To do this, the Chinese government has laid out guidelines for channeling public and private funding into companies and research designated relevant to these fields to hit investment and research targets. These, combined with guidelines for ensuring market access abroad and preferential treatment at home and financial and political support for acquiring foreign technology, have angered many producers from across the world, from Korea and Japan to the EU and the U.S.
Furthermore, the One-Belt-One-Road strategy (一带一路), seeks to ensure foreign markets for Chinese goods and ensure a trade surplus with the rest of the world. Because of massive overcapacity, external markets are essential for the survival of many over indebted Chinese industrial giants.
In reality, China is unlikely to agree to all U.S. demands, but even compliance would not solve the underlying cause of the U.S.-China imbalances. China cannot under any circumstances meet U.S. demands for greater trade equity, except through buying more American products, some of which are explicitly to be used to undermine U.S. technological dominance, though they will boost profits of several U.S. companies in the short term. Even if the Chinese government were to support the purchase of greater numbers of U.S. goods, the structure of the Chinese economy ensures its surplus with the U.S. could only decrease slightly, without significant increases in Chinese household income relative to the size of Chinese GDP.
A serious question remains over the next few years: How will the U.S. respond to continuous Chinese trade surpluses?
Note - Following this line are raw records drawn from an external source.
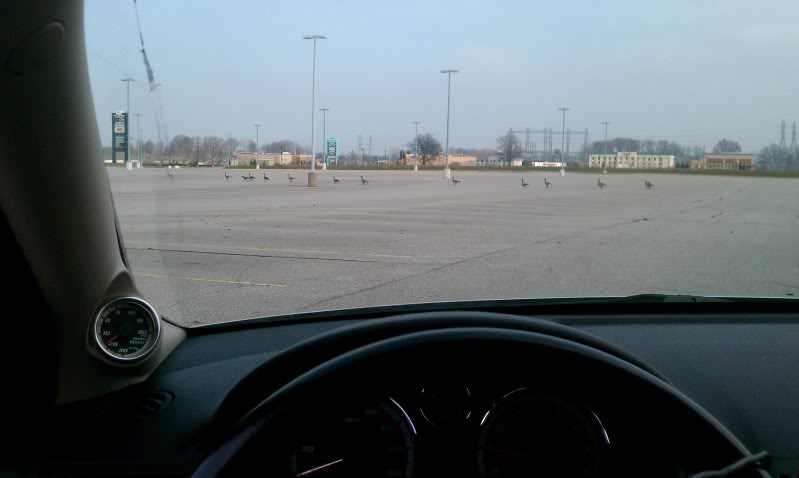 Name:  IMAG0032.jpg
Views: 50
Size:  32.4 KB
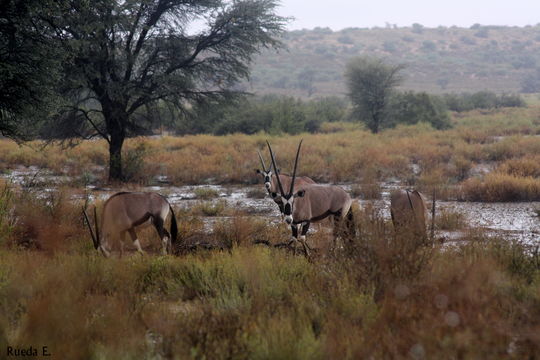 Image of Gemsbok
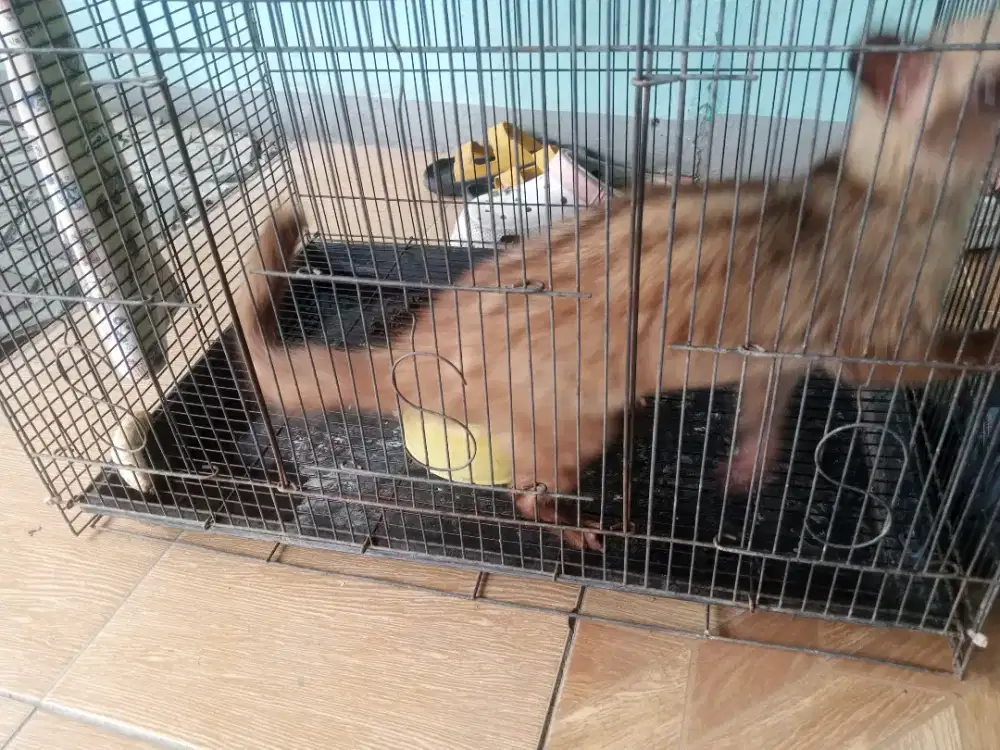 musang Bali jual cepat aj nih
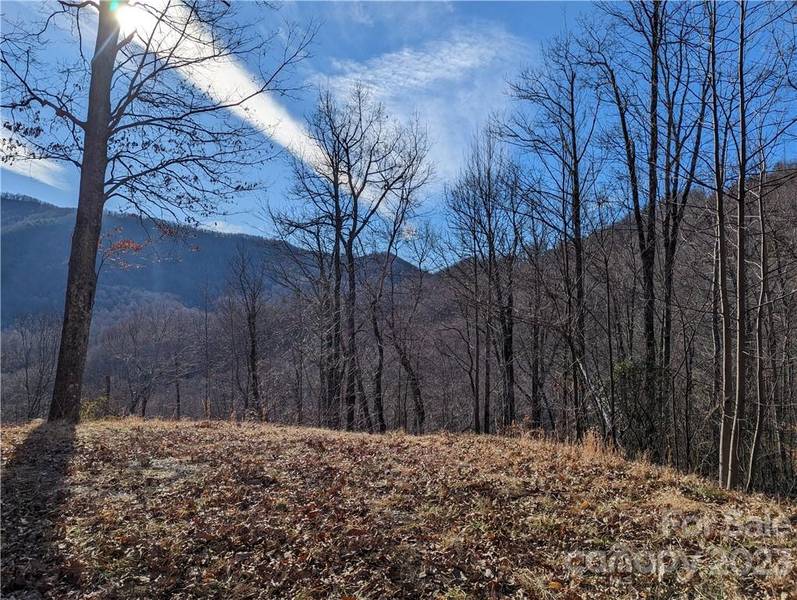 367 Kestrel LN #T-85, Black Mountain, NC 28711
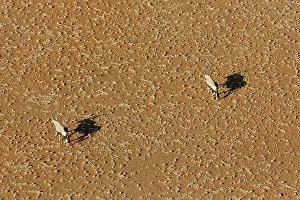 Oryx: 80183499 Gemsbok - at a sandy plain in the Namib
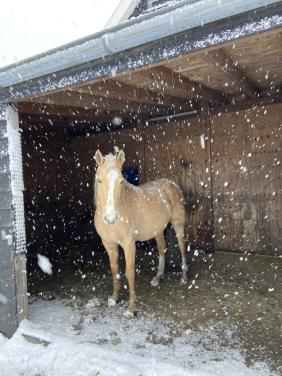 Bijna 6-jarige Palomino PRE merrie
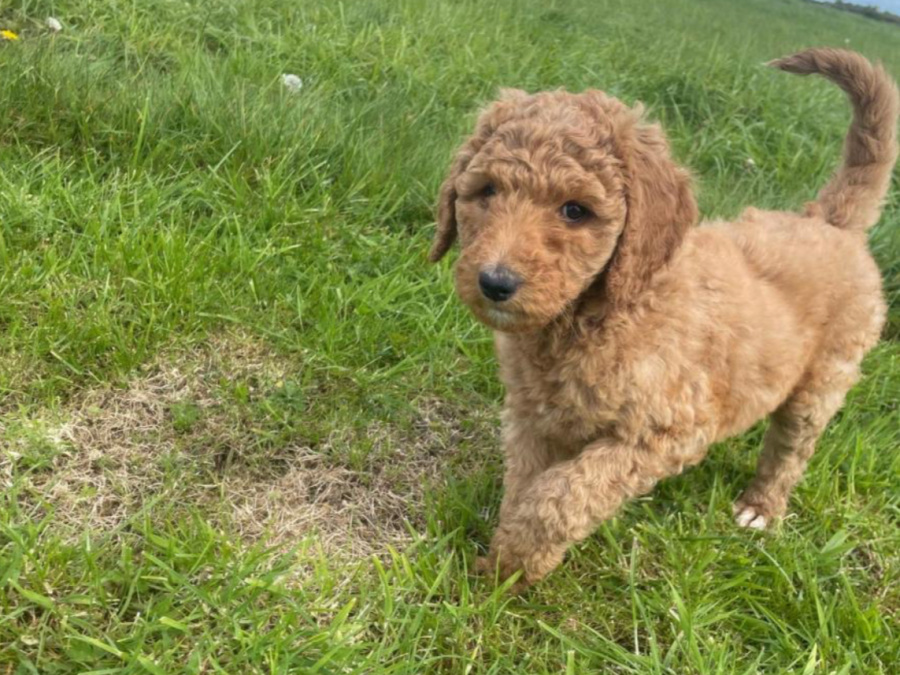 3 Standard Poodle Puppies For Sale 5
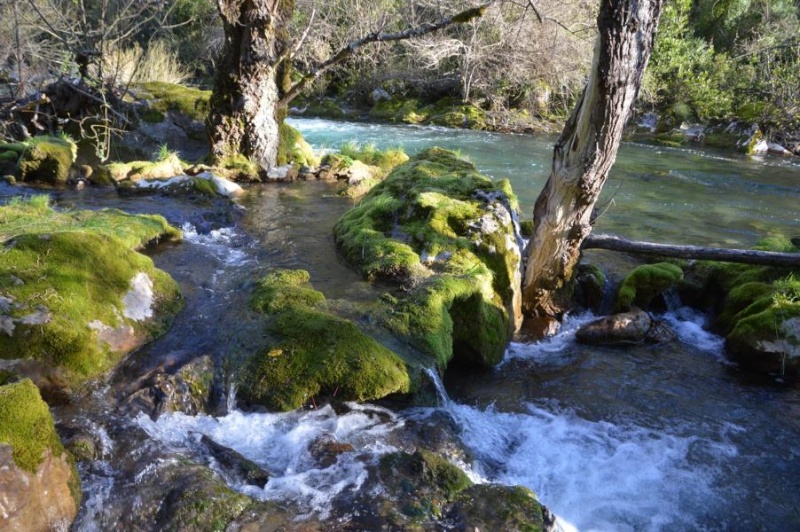 Là où coule une rivière le 10 avril 2015 K800_d21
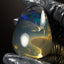 248.55ct Polished Specimen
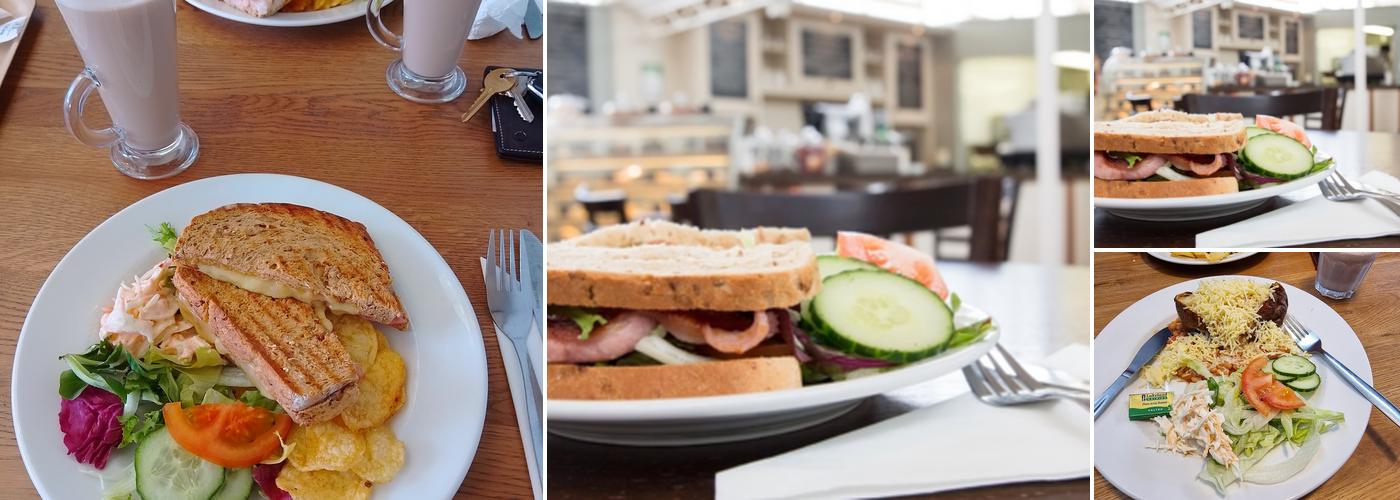 The Mulberry Tree Coffee Shop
Despite Mnuchin’s claim the trade war is “on hold” and Trump's stated desire to prevent massive Chinese job losses, questions remain as to how long this detente will last.
This brings us back to ZTE and the future of Chinese tech.
One advantage of the outsized share of national income in the hands of the government and state-aligned corporate sector is the Chinese government can channel massive resources toward strategically important sectors, keeping them afloat and and even propelling them onto the world stage. On the other hand, because of relatively weak internal demand, companies tend to rely on government backing and on foreign demand.
Because access to resources is driven not by the market but by political strategy, this form of protectionism may encourage firms to spend relatively more effort courting government concessions than innovating. If trade war begins, the Chinese government may have to decide between increasing the share of national income that reaches Chinese households and channeling resources into national champions.
Though rarely discussed, Chinese structural imbalances may prevent the Chinese government from providing the Trump administration what it desires, even if Beijing desires. Yet, there is little indication the Chinese government has any interest in accommodating the U.S., as both the Belt-and-Road and Made in China 2025 point in exactly the opposite direction.
How the U.S. responds over time and how vulnerable Chinese firms prove to trade and investment pressures must prove significant for the future of Chinese tech and innovation. If faced trade conflict abroad, Xi Jinping and the Chinese leadership will have to strike a balance between supporting national tech champions, fostering an innovative environment and increasing domestic consumption to rise. As to how this all plays out, your guess is as good as mine.